The term "Arab" is no longer used in statements by American officials. In official White House discourse, Arab nations have come to be associated with doctrines and sects, majority and minority. The echoes of these statements are heard in the discourse of our own liberals.
These, by the way, are liberals in the style of war propagandists John Bolton and John McCain (the latter called for the formation of an army of 100,000 Sunni fighters) and of neoconservatives, whose views are still widespread in research centers, newspapers and cultural centers even though their direct political influence has waned. The borders of our nations have become sectarian in the political sense of the term. References to nations and states are now minimal.

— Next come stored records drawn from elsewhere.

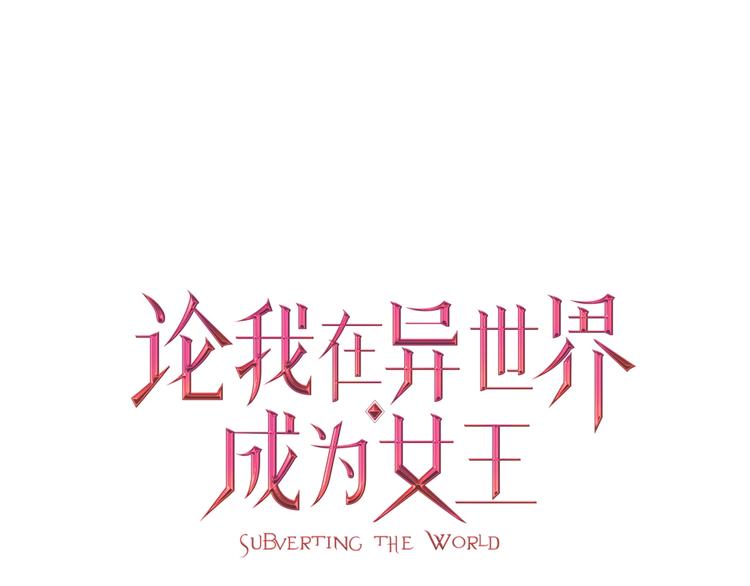 第2话  成为我的主人吧！17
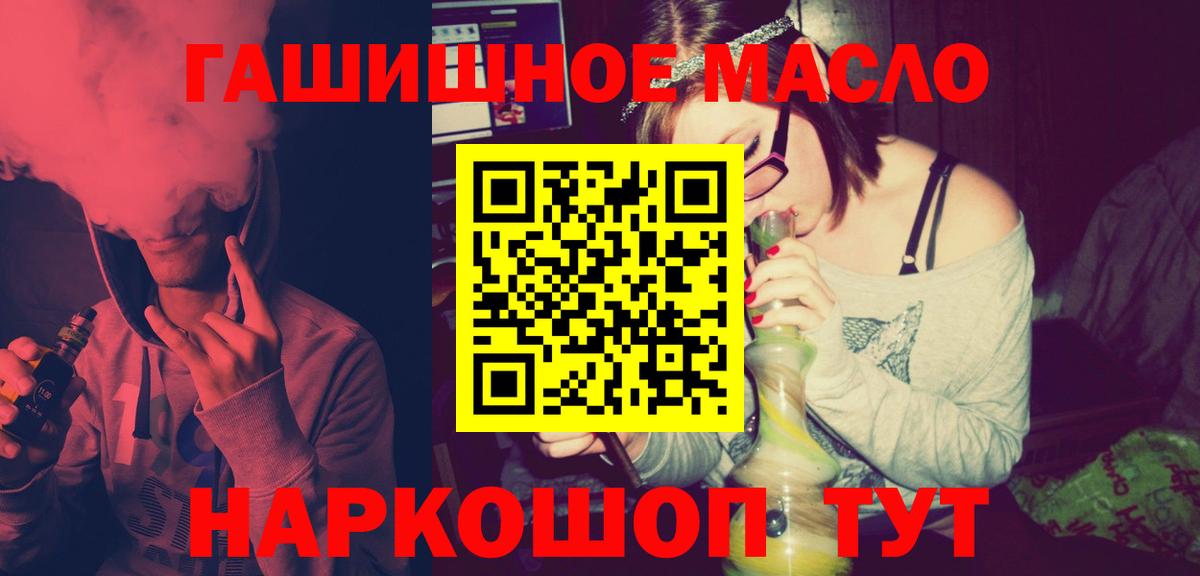 Норильск  Дистиллят ТГК вейп  Вход с VPN 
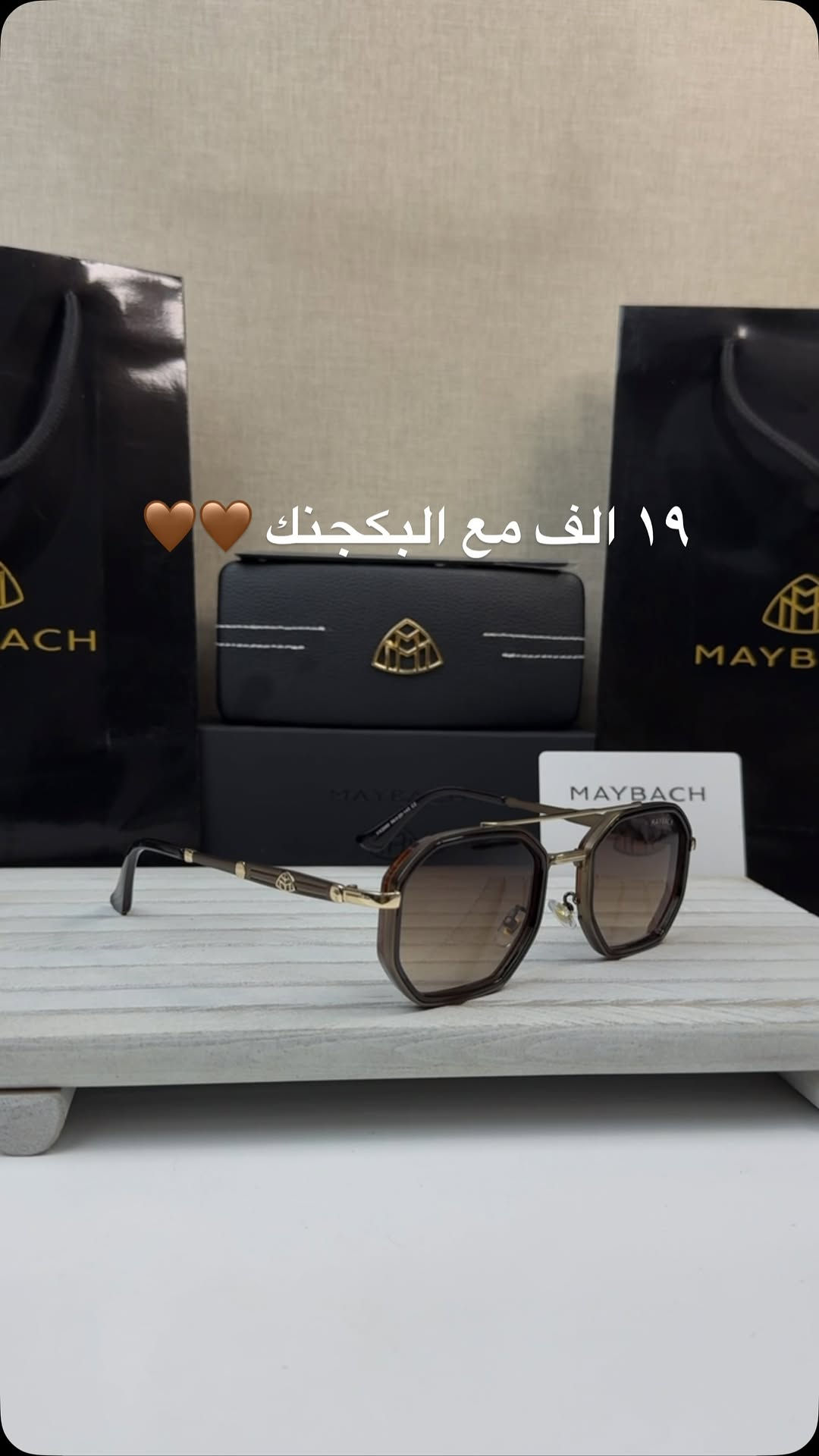 هذا اللون اساس الاناقة 🤎🤎
تغليف مجاني للهدايا 🎁🎁
ماستر كوالتي 100%
‏uv400🔥🔥
فلتر للحماية من اشعة الشمس 🌞
❤️تميز في التفاصيل _لتكون فريدا في اناقتك ❤️
🚗توصيل لجميع المحافضات 3 الاف دينار 🚗


**إذا كنت صاحب هذا الإعلان وتريد حذفه لأي سبب، رجاءا أرسل رسالة إلى الدعم الفني**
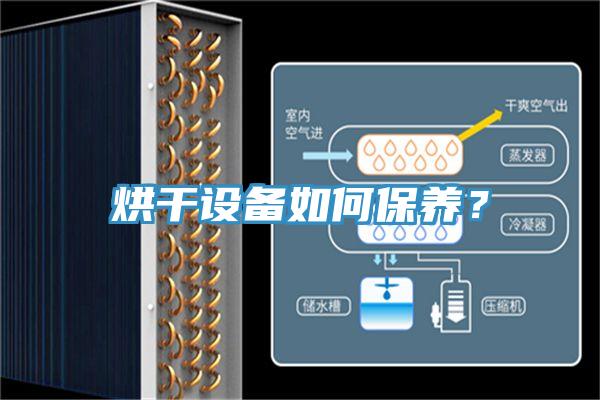 烘干设备如何保养？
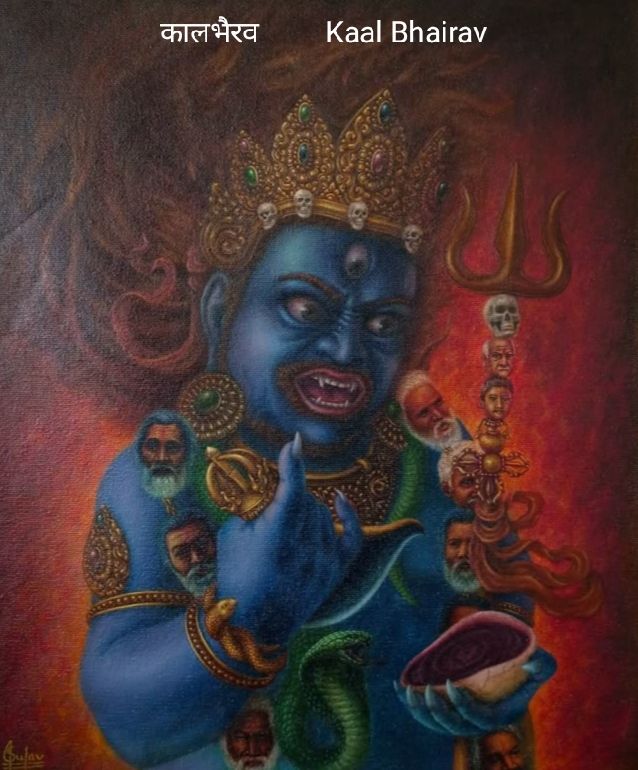 Bhiksha Offering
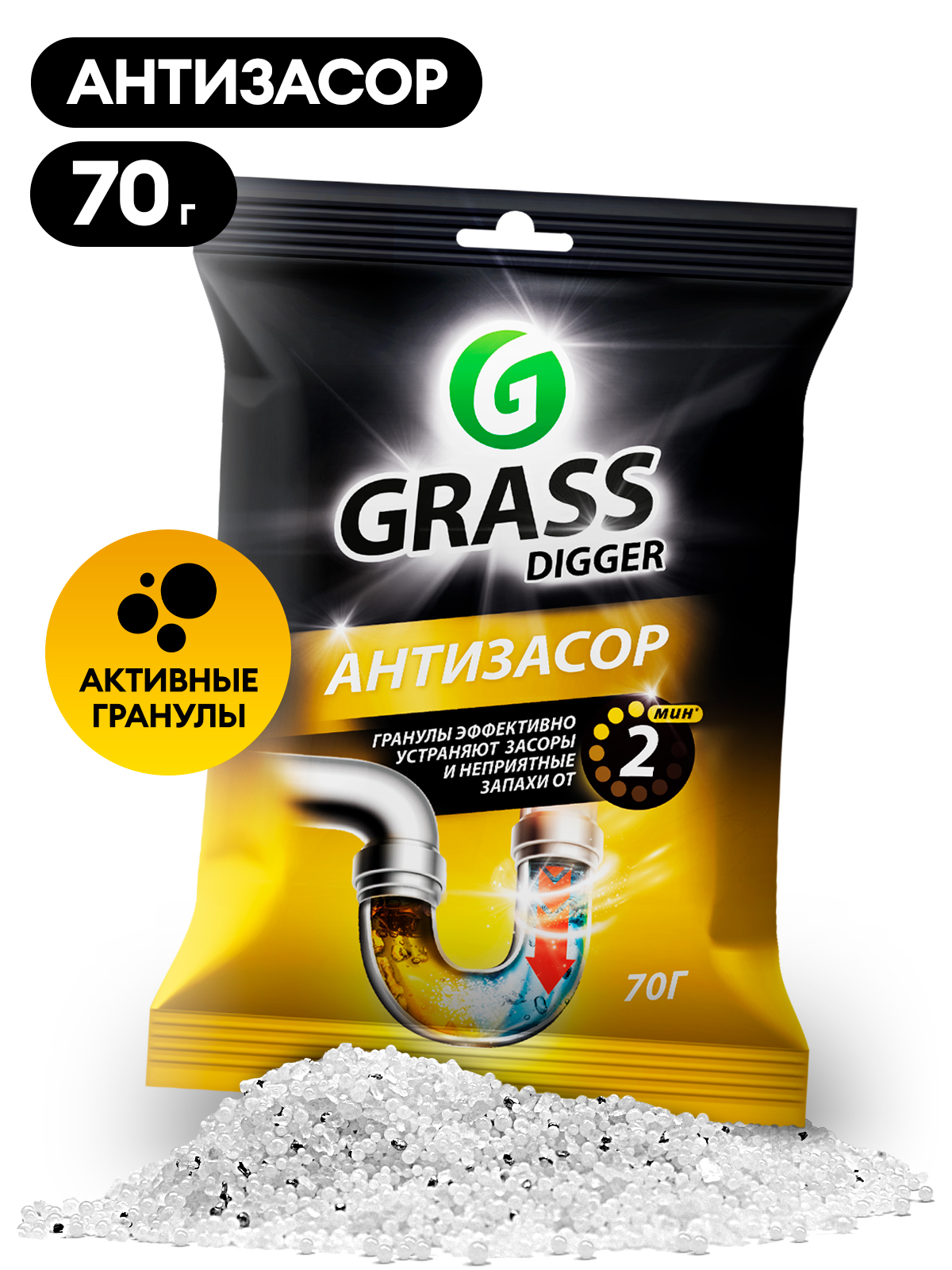 GRASS Средство для прочистки труб Digger grannules 70 г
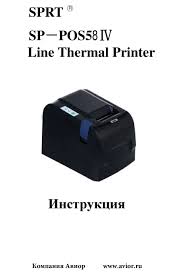 Find the latest support.com, inc. Sprt Sp Pos58iv User Manual Pdf Download Manualslib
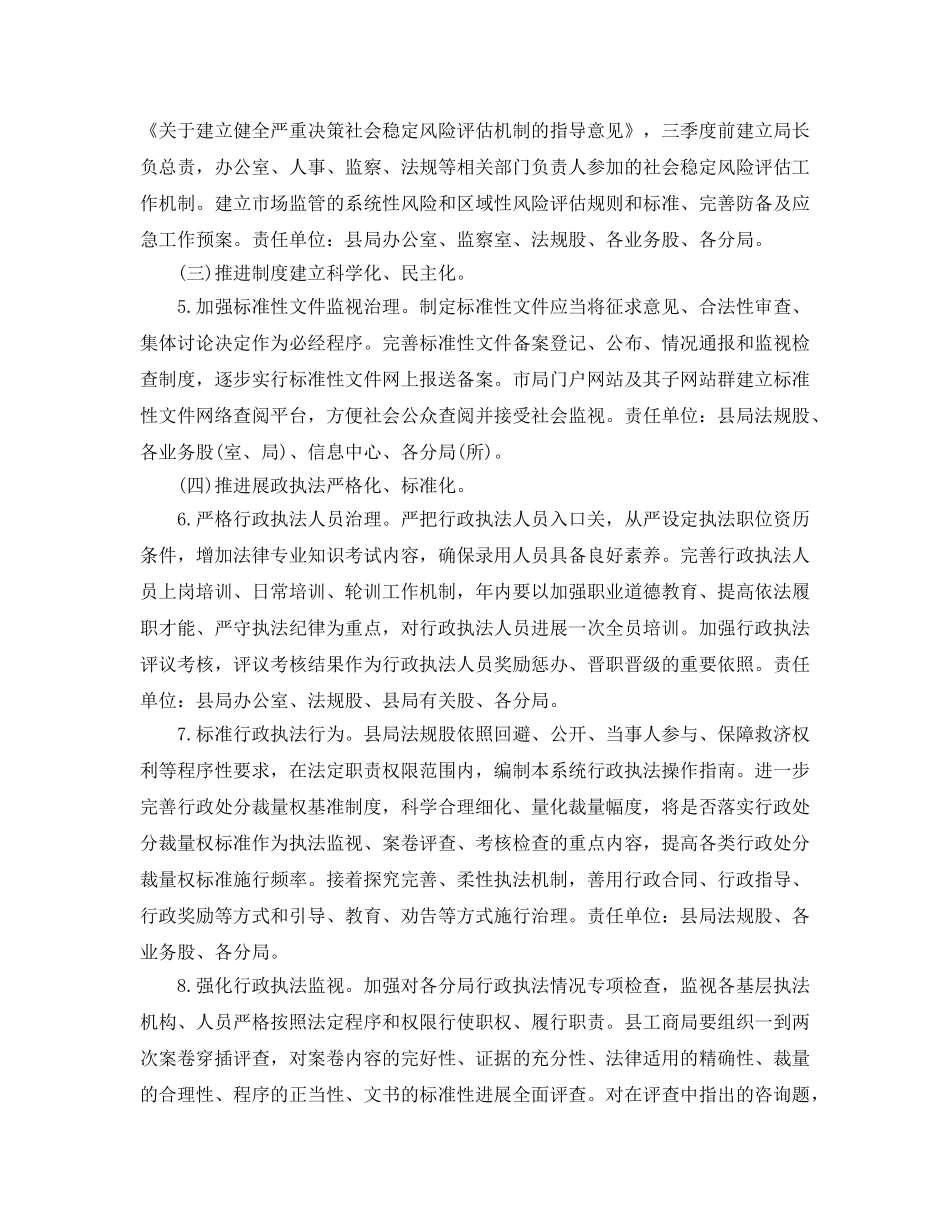 县工商局行政工作参考计划范文选文 _第2页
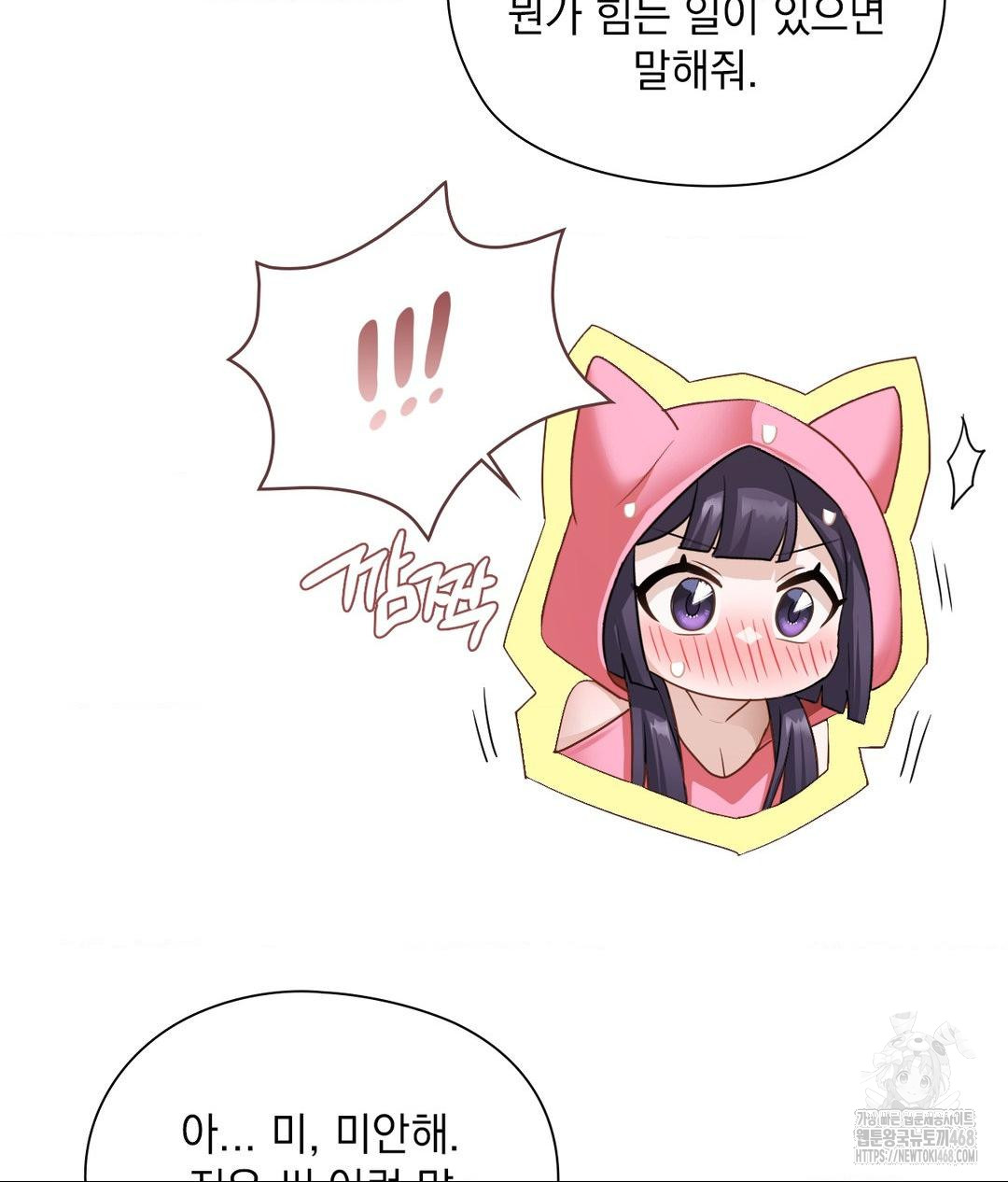 She Recommends a Harem Raw 25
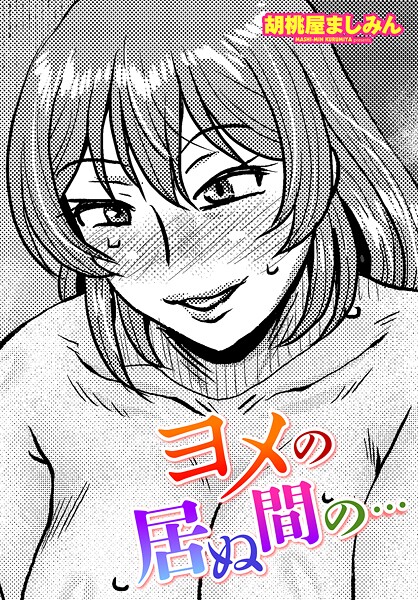 ヨメの居ぬ間の…（単話）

This transformation was no surprise, and there was no conspiracy. As a matter of fact, it has local roots, with supporters and theorists in the West. In Europe and America, prominent intellectual movements are reconsidering the philosophy of the Enlightenment, considering that it set off the French Revolution and subsequent revolutions in Russia, China and Vietnam, as well as in most of the third world, where people were able to rid themselves of colonialism and establish standing republics, at least if we look at the basis of equality among citizens regardless of their religion or race (Georges Corm). These [intellectuals] are calling for a return to religion in drafting international and local policies, including French philosopher Francois Furet and famous philosopher and neoconservative father Leo Strauss, who singlehandedly converted a number of Marxist Trotskyists into right-wing conservatives — mostly Jews — including Richard Perle, Douglas Feith and Paul Wolfowitz, who occupied high positions in the administration of "believer" President George W. Bush. They were behind the invasion of Iraq and supported, and continue to support, Netanyahu in his declaration of Israel as a Jewish nation. (In America, there are a number of Lebanese neoconservatives.)
This American trend has found its strong echoes in Europe, especially with former British Prime Minister Tony Blair, who converted to Catholicism and transformed the Labour Party into a Washington-oriented right-wing party.
In the Arab world, where everything is imported, this American trend has had a significant effect among intellectuals, especially Marxists, who have gone from thinking about class war and nationalism to thinking about conflicts of doctrines and sects. [This has been] further affected by the failure of secular and nationalistic regimes, and the success of the Iranian revolution and its transformation into a state with an ideological nature, as well as the "Islamic revival.” They ignore the bloody experience in Afghanistan, which is drowning in tribal conflict and has broken into groups of rivals. They also ignore Iraq, which has turned into another Afghanistan, and Syria with its "revolution" and its “Islamic State" and its "Nusra Front." They justify their thinking, citing the religious wars in Europe, particularly the Hundred Years' War.
It's true that the administration of Barack Obama has distanced itself quite a bit from the trends of the Bush administration, bringing an end to pre-emptive wars and deciding to pull out of Iraq, but it's also true that it has retained some of the Bush trends when it comes to depending on religion to redraw the geopolitical map of the Middle East. [The Obama administration] is currently arming and training "moderate" religious groups in Syria and Iraq to change the equation in the Middle East and to confront Russia in its gateway to the Mediterranean Sea, and Iran is now hopeful because it is becoming a greater regional power. [The Obama administration] has nullified the expression "Arab" in official discourse, just as we have nullified it ourselves.